Alexis was born in the 5th century in Rome, the only son of wealthy Christian parents. His parents taught him to be charitable to the poor. Their charity made such an impression on him that he desired to follow a holy vocation as a beggar.
But his parents had other plans for Alexis. They arranged for him to be married to a rich bride. And so they were married. But on his wedding day, Alexis told his bride of his call to live as a beggar. So, she released him from his vows and he left her for God. He fled to live as a beggar in Syria in a town called Edessa. For 17 years, he lived in great poverty.
Until the day that people began to surround him, certain that he was holy. They began to call him “the man of God”.
Now, if you are convinced that you are called to be a beggar, fame is the last thing you want. Alexis did not want to stand out, but rather to disappear amidst all of God’s little ones, forgotten by the powers that be, but not by God. And now he has made the all-state begging team. This was not in the plans.
So, he flees Syria. He runs from the fame of a holy beggar. He runs all the way to his parents’ house.
He had been gone for 17 years. For seventeen years, he had lived on the streets in Syria. We know his parents sent people to look for him. For how long they searched, we do not know. Surely they had ceased searching by now, no longer going out to the end of the road, no longer gazing out along the horizon.
He returns home. However, his parents do not recognize him. And Alexis does not tell them who he is. He is a beggar and his parents always welcomed beggars.

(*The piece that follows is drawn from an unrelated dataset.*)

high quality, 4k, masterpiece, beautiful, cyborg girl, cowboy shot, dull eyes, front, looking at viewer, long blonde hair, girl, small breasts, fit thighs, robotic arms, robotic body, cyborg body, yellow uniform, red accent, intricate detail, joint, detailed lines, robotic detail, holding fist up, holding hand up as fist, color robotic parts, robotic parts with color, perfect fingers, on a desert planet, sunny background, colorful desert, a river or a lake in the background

They gave him a place to stay, in a small space under the stairway. For seventeen more years, he lived as a beggar in their house.

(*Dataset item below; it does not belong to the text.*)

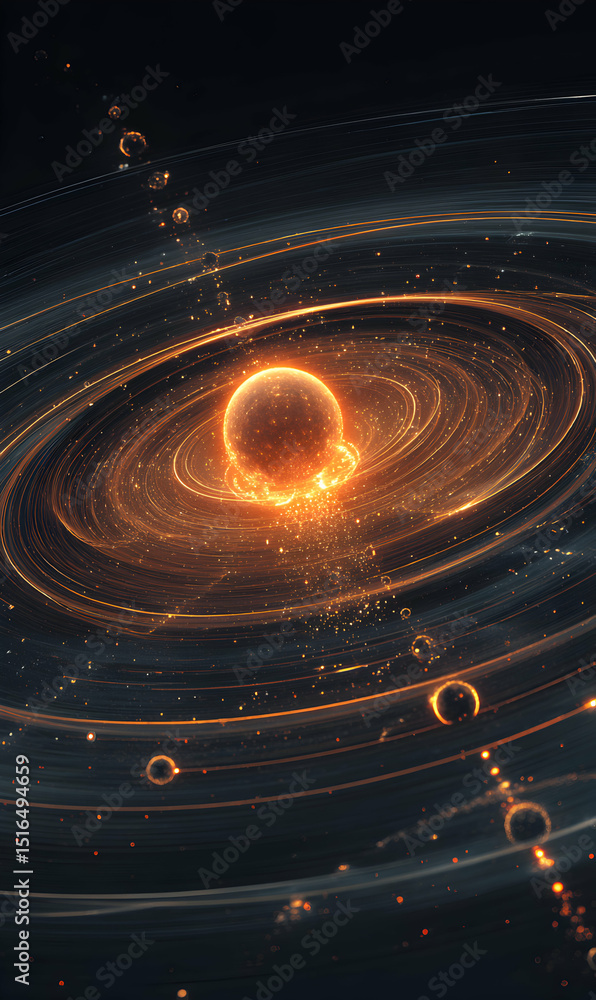 Aufkleber cosmic entity a luminous planet surrounded by glowing rings floating in the vast expanse of space fa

He would leave their house to go to church to pray and to teach little children about God. But he never told his parents he was their son. And they never turned the beggar out. They never suggested to him to move on.
After seventeen years of living under the stairway in his parents’ house, Alexis died. His family found a note attached to him. The note told them of his story, of the journey to Syria and of the journey home. He was more than a beggar. He was their son.
Had you ever heard of St. Alexis before? I had not heard of him until last a few years back. I had traveled to New York, to go on retreat, to pray at a monastery along the Hudson River. It was there I was introduced to St. Alexis’ story.
At the monastery, each retreatant is assigned a simple room with a bed and a desk and a lamp and a simple closet with three hangers. Each room at the monastery is named after a saint. In the past, I had always stayed in St. Anthony’s room.
St. Anthony is considered the father of monasticism. In the story of St. Anthony, it is told that he wrestled with demons disguised as wild beasts in the desert. That’s very impressive. St. Anthony suffered many wounds from these encounters.
Truth be told, I had always longed to be assigned to St. Martin’s room. This was not because of some strong interest in the life of St. Martin. It was because it was a bigger room with a larger bed and two windows.
But no, this time they sent me to St. Alexis’ room. It was there that I read the biography about him. No great heroics with St Alexis. How many great saints spent much of their time in their room, under the stairs, and lived with their parents?
In the ranking of the calendar of saints, St. Alexis is listed as a simple saint. In other words, he barely made it. If we were voting on saints today, we might even refuse Alexis the designation, what with his withholding from his parents his true identity. Imagine all those Mother’s Day cards he failed to send. For this, they made him a saint?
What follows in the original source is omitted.